- HISTORY OF NETSCAPE FOR FREE
- HISTORY OF NETSCAPE FULL
- HISTORY OF NETSCAPE SOFTWARE
- HISTORY OF NETSCAPE CODE
In the incremental releases that followed in the first half of 1995, Netscape added custom fonts, background colors, and embedded media.
HISTORY OF NETSCAPE FULL
Already in its first release, the browser sported broader image support, cookies, and snazzy design elements.Īt the time, the HTML process was still a bit undefined, so Netscape just rolled full steam ahead. If you were a web designer at the time, there was a lot to get excited about.
HISTORY OF NETSCAPE CODE
The browser team, most of whom had made their mark writing code at Mosaic, brought things up another notch with Navigator. That didn’t stop Netscape from being impressive though. For better or worse, this would eventually come back to hurt Netscape.
HISTORY OF NETSCAPE FOR FREE
The real money, after all, was with enterprise licenses and software. So Netscape kind of walked the line there, making profits from individual sales but accessible for free to more savvy users. After the browser’s official release, Netscape more or less kept this practice up, making “evaluation” versions of their browser free to download. It helped them discover bugs quickly, and embraced the openness that kind of went side by side with the World Wide Web. In the months leading up to the release of Netscape Navigator in December of 1994, the team began beta testing their browser by giving downloads on their website.
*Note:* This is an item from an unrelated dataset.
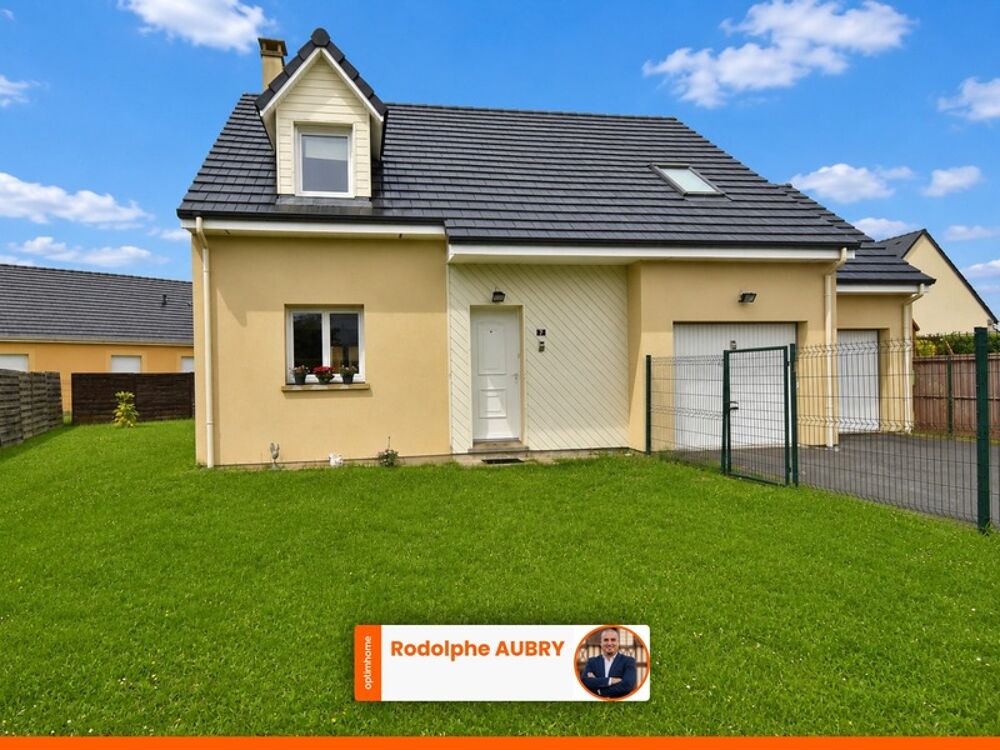 Vente Maison Maison 112 m² de 2013 – 3 chambres – Aucuns travaux à prévoir – BBC – PMR Angerville la campagne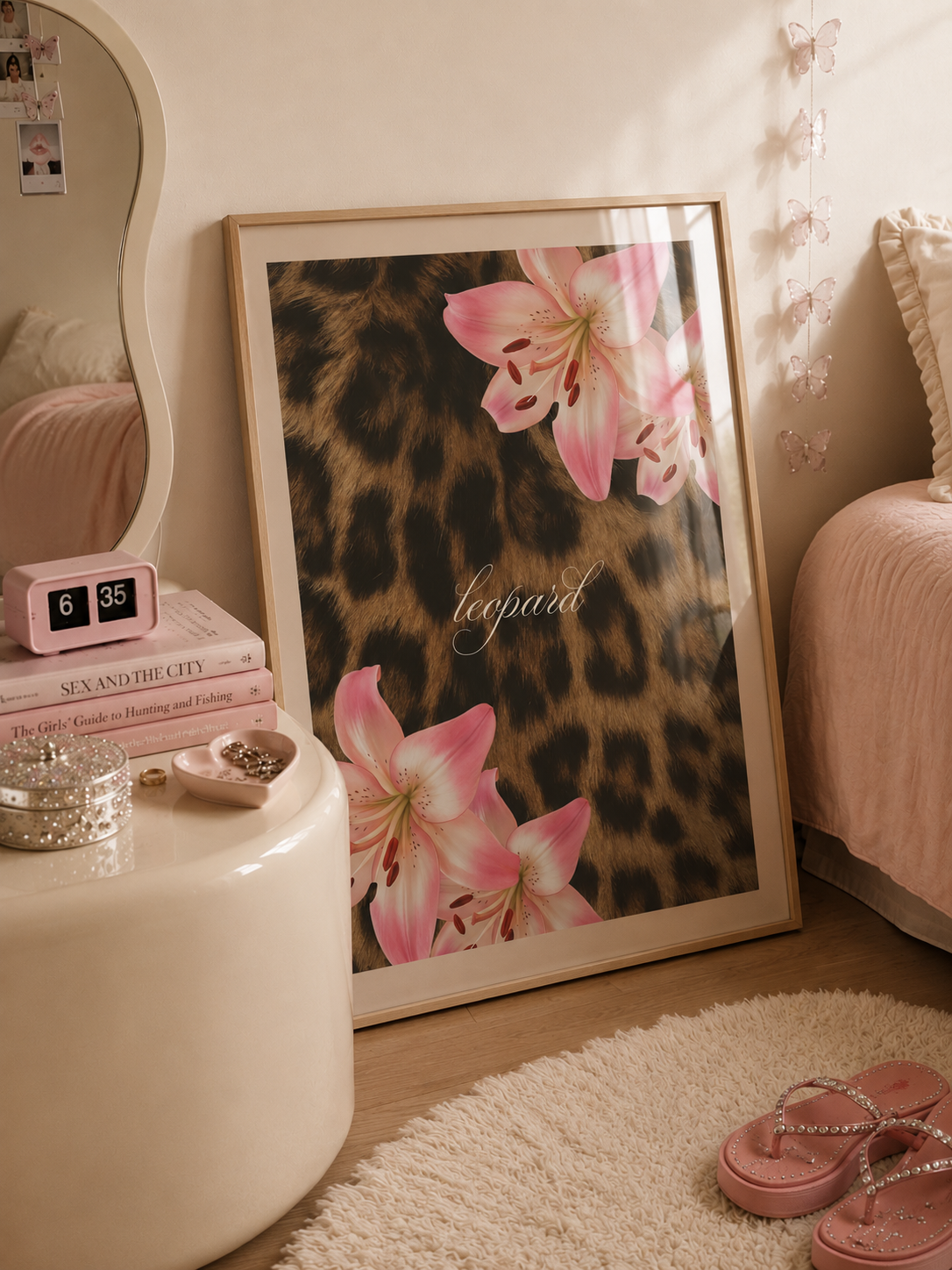 Flower Leopard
And by the way, did you know they were even giving away their browser for free? But if you asked for a recommendation from the shop’s owner, he’d probably end up pointing you straight to Netscape. Ultimately, this code was rewritten, but it was still released as Spyglass Mosaic. Spyglass Incorporated, for instance, had licensed code from NCSA to create their own commercial browser. If you were trying to connect to the web in the 90’s, you’d most likely head down to your local computer shop and check out what browsers they had for sale. There was, after all, some alternatives to Netscape. Originally slated to be called Mosaic, the browser they released to the world became known (mostly for legal reasons) as Netscape Navigator, and the company, Netscape Communications. By the end of 1994, they had already delivered a first step. So they went back to NCSA, and walked out with a team of top engineers ready to make that happen. Clark and Andreessen met a few times, and decided that a top of the line commercial browser was exactly what the market needed. So not long after he left Illinois, Andreessen was contacted by Jim Clark, a bit of a legend in the Silicon Valley area. While he was studying there, he had worked on one of the first ever cross platform browsers, NCSA Mosaic, which became the most popular among early browser choices.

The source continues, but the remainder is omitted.